**What to produce**
Below are entries; repeat exactly, and nothing else, the lines from the one holding "Property at 0 Sargent Rd, Cabool, MO 65689" through the one holding "10604 Partridge Lane #a-2 photo 18", inclusive. Leave the pictures out.

────────────────────

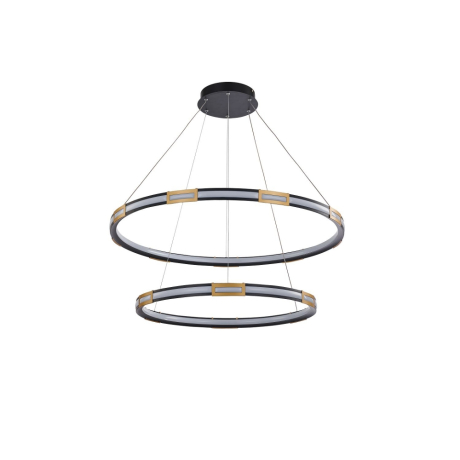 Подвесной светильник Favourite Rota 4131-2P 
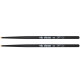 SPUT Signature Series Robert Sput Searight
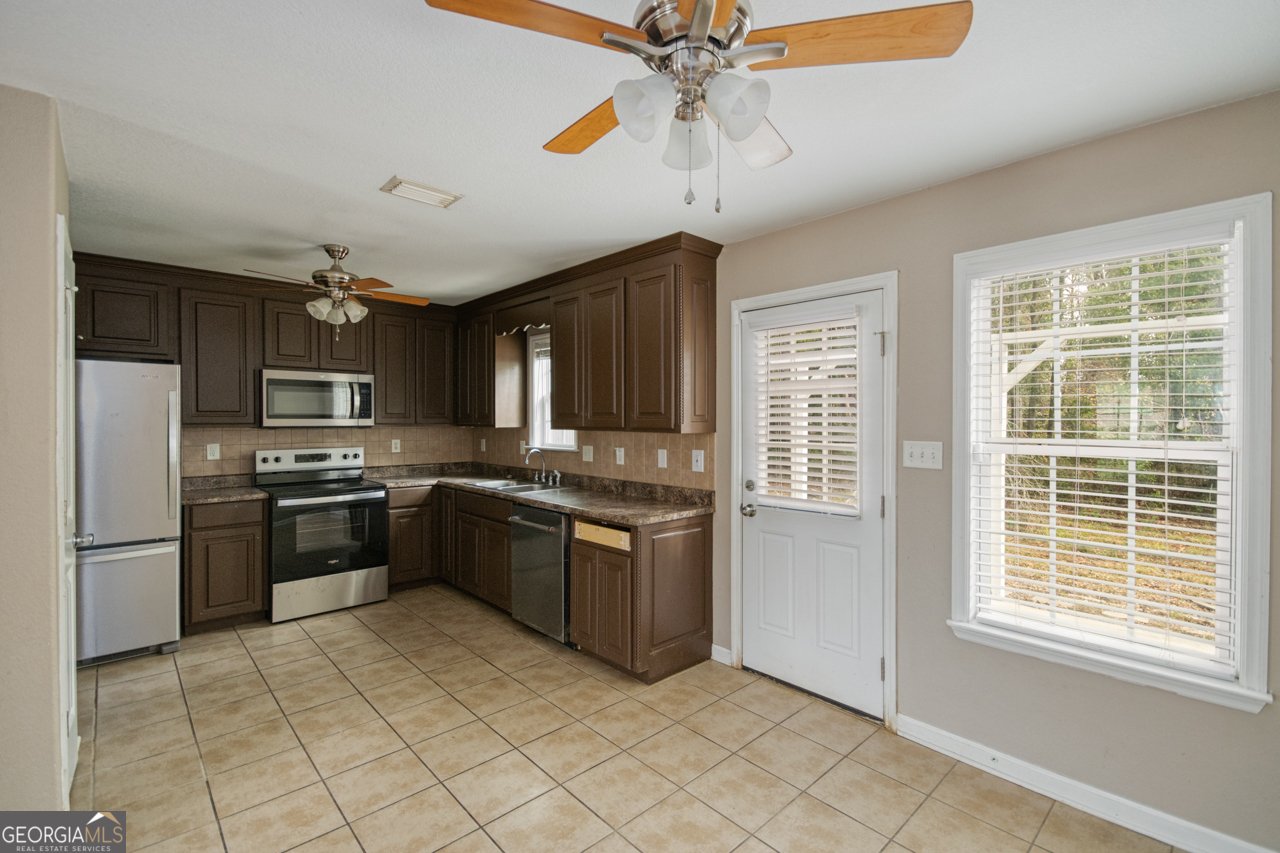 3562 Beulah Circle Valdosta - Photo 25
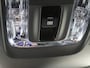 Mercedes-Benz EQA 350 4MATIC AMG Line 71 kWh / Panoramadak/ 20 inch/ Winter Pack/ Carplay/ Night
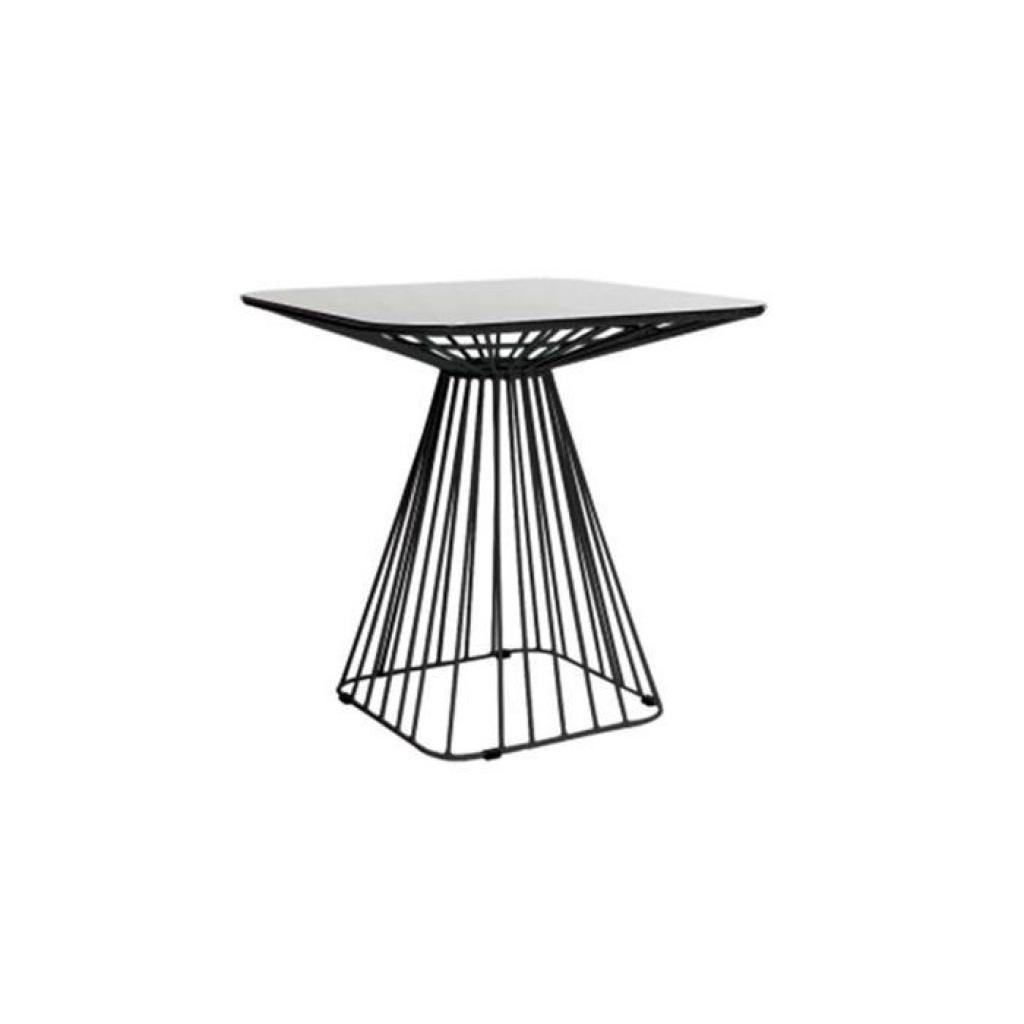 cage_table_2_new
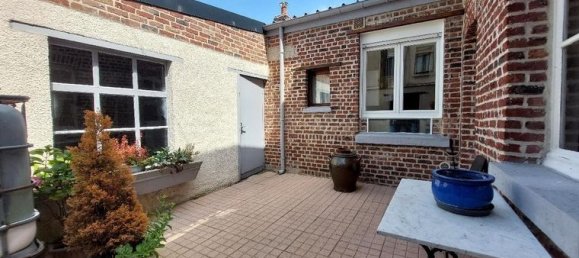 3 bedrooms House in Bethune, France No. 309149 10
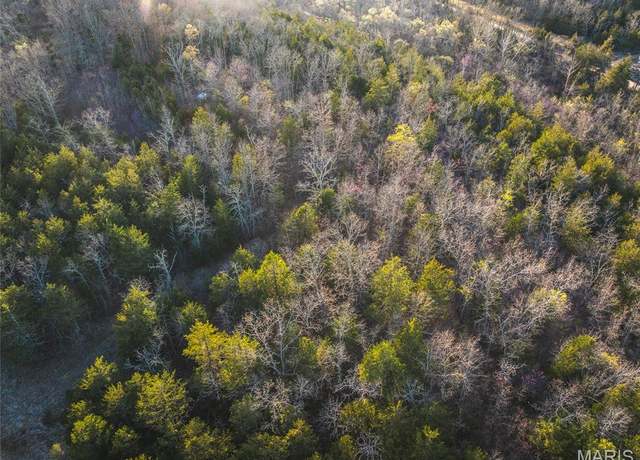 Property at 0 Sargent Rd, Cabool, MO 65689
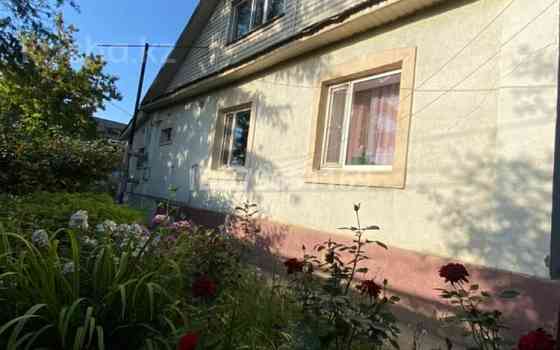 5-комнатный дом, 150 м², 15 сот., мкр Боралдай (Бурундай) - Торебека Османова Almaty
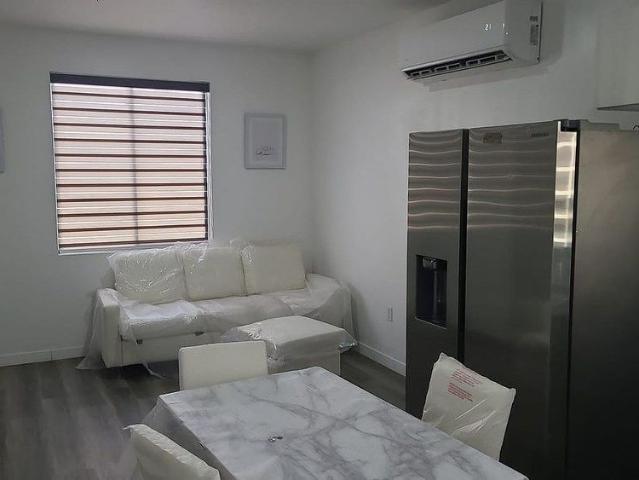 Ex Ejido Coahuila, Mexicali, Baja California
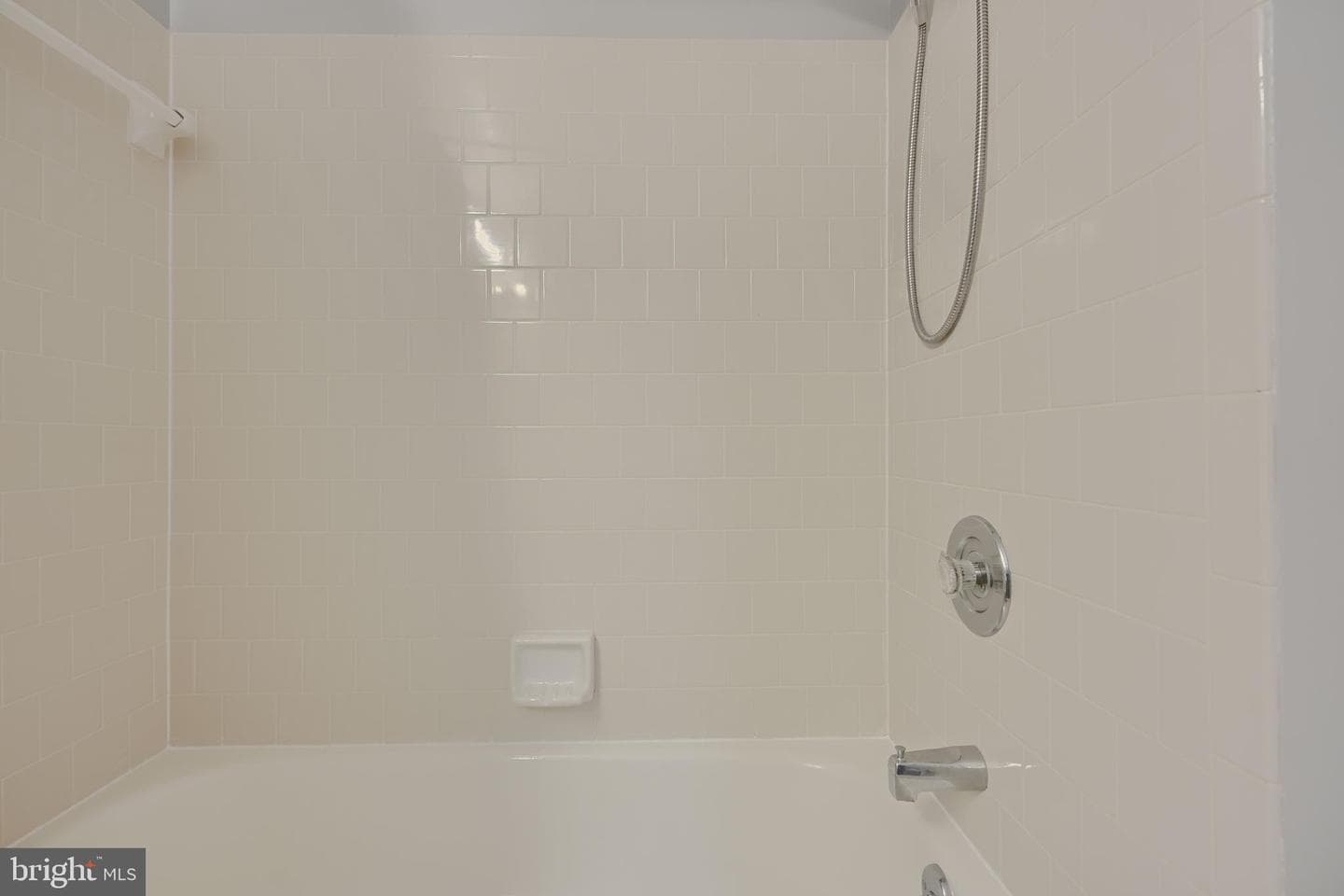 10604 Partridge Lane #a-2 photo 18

────────────────────

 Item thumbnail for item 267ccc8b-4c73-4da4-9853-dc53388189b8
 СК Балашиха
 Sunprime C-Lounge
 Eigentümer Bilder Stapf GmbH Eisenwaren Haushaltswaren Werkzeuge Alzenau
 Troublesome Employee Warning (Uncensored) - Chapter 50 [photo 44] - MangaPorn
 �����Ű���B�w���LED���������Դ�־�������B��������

────────────────────

**Solution for this exercise**
 Property at 0 Sargent Rd, Cabool, MO 65689
 5-комнатный дом, 150 м², 15 сот., мкр Боралдай (Бурундай) - Торебека Османова Almaty
 Ex Ejido Coahuila, Mexicali, Baja California
 10604 Partridge Lane #a-2 photo 18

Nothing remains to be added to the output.